__About this task__:
Retype the material that follows exactly, limited to the lines from the one with "a man sitting" through the one with "a car parked", and keep out all pictures.
....................
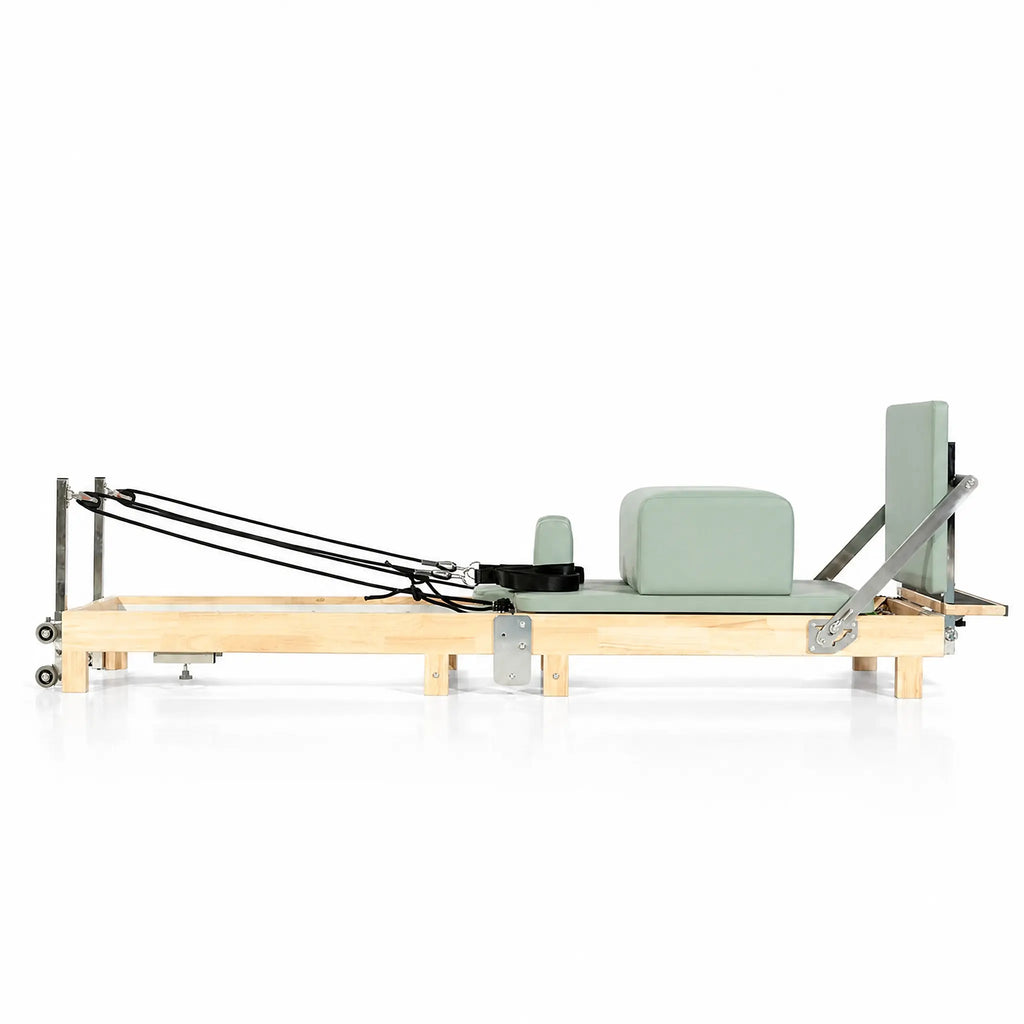 Foldable Maple Pilates Reformer with Sage Green Upholstery and Upright Storage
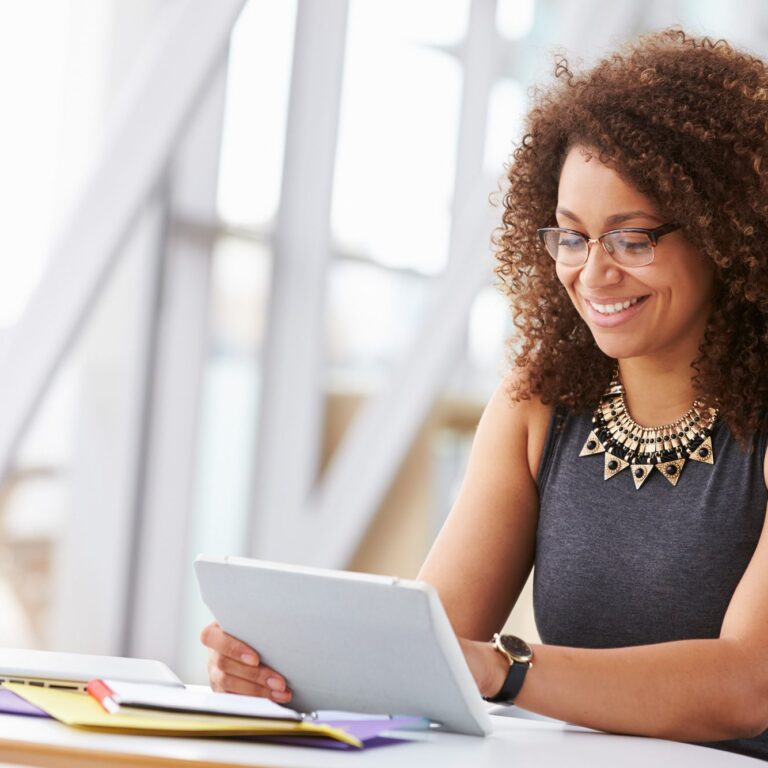 A woman with curly hair and glasses sits at a desk, smiling while using a tablet powered by Power Platform. Papers, notebooks, and a laptop are on the desk. She wears a sleeveless top and statement necklace in a bright, modern setting.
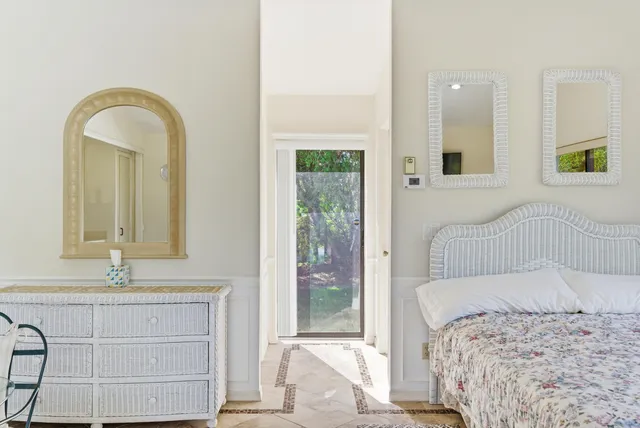 an aerial view of a house with a swimming pool outdoor seating and yard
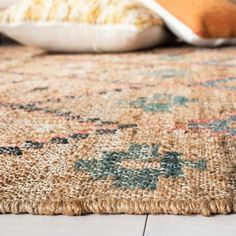 a close up of a rug on the floor with pillows in the background and one pillow laying on top of it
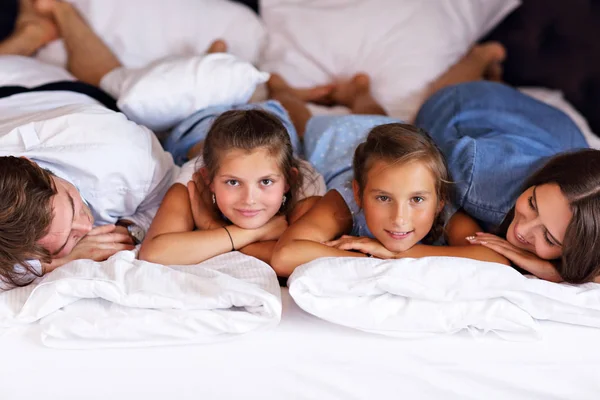 Happy family relaxing in hotel room — Stock Photo, Image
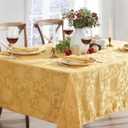 Newbridge Christmas Carol Holiday Noel Damask Fabric Tablecloth, 60 x 84 Inch Rectangle, Gold, Holly Leaf Poinsettia Weave, Wrinkle Free Soil Resistant Easy Care Table Cover
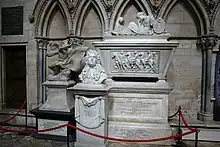 Three monuments of varying sizes and shapes, cordoned off by a red rope.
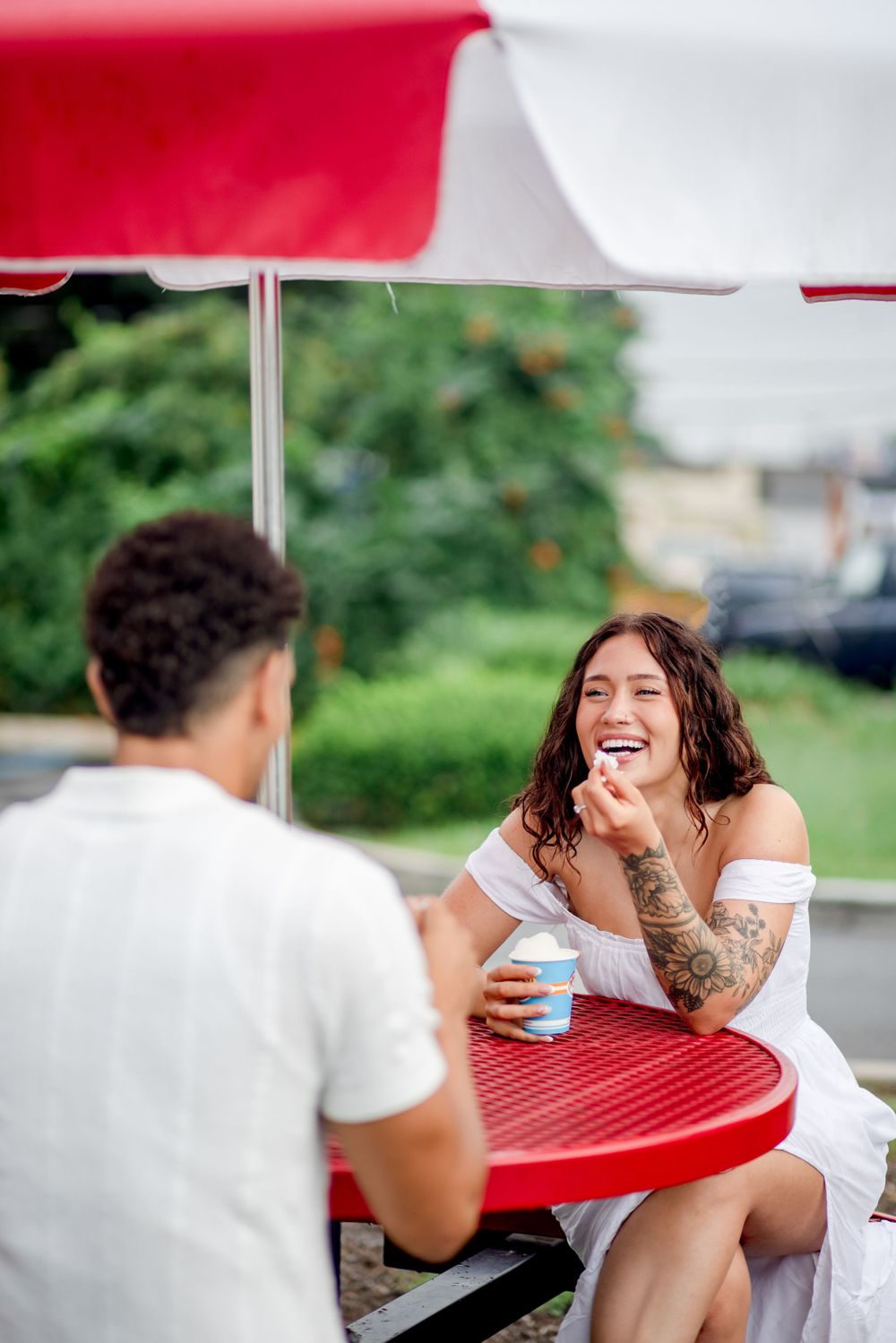 A joyful moment shared between a couple enjoying treats at an outdoor table.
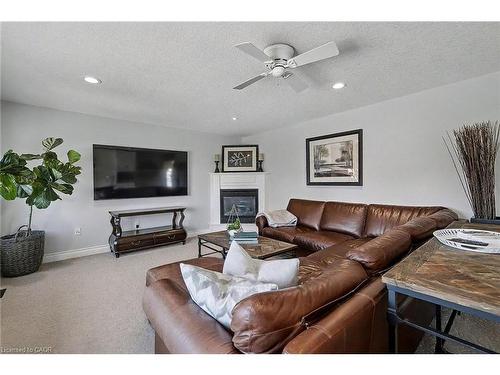 8 Zaduk Place, Guelph, ON - Indoor Photo Showing Living Room With Fireplace
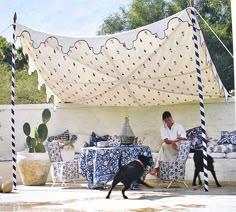 a man sitting on a couch next to a black dog in front of a tent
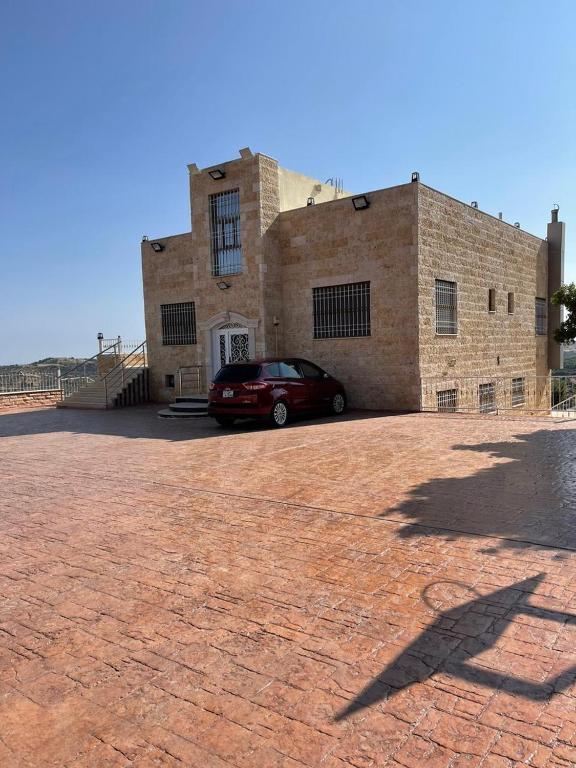 a car parked in front of a brick building at جبال جرش in Jerash
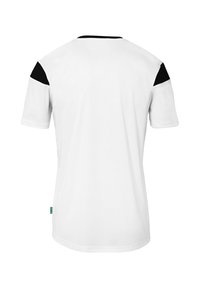 Witte T-shirt met korte mouwen en zwarte schouderaccenten. Glad stof, ronde hals, reguliere pasvorm, achteraanzicht. Minimalistisch ontwerp, geen patronen.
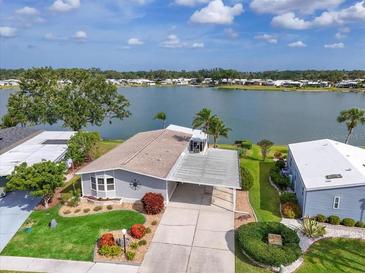 Charming waterfront home featuring lush landscaping and a covered carport on a sunny day at 8439 Imperial Cir, Palmetto, FL 34221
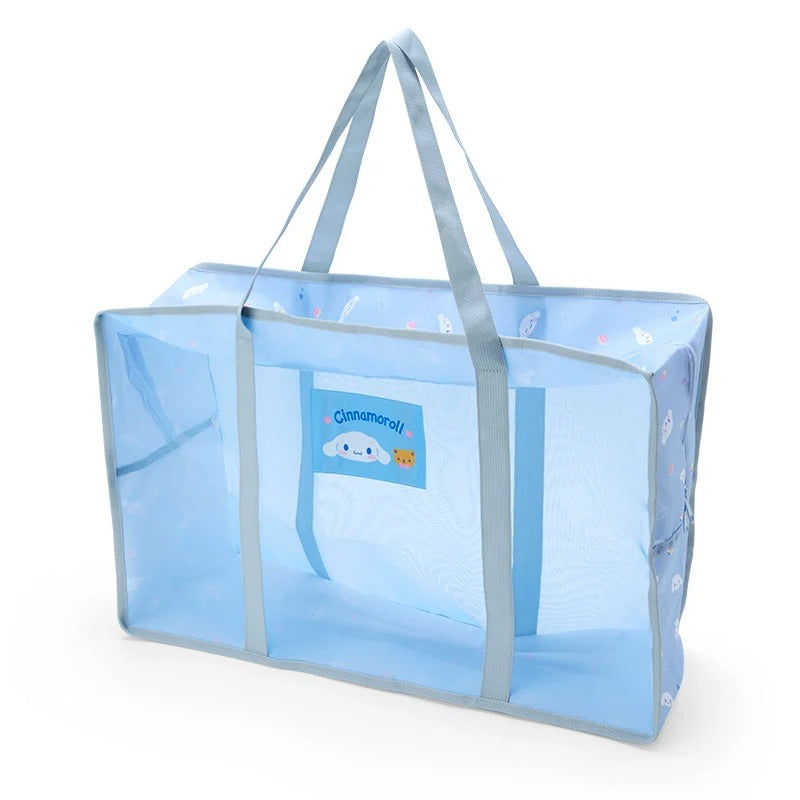Large Sanrio mesh tote bag folded flat beside measuring tape for size reference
....................
__Your solution__:
 a man sitting on a couch next to a black dog in front of a tent
 a car parked in front of a brick building at جبال جرش in Jerash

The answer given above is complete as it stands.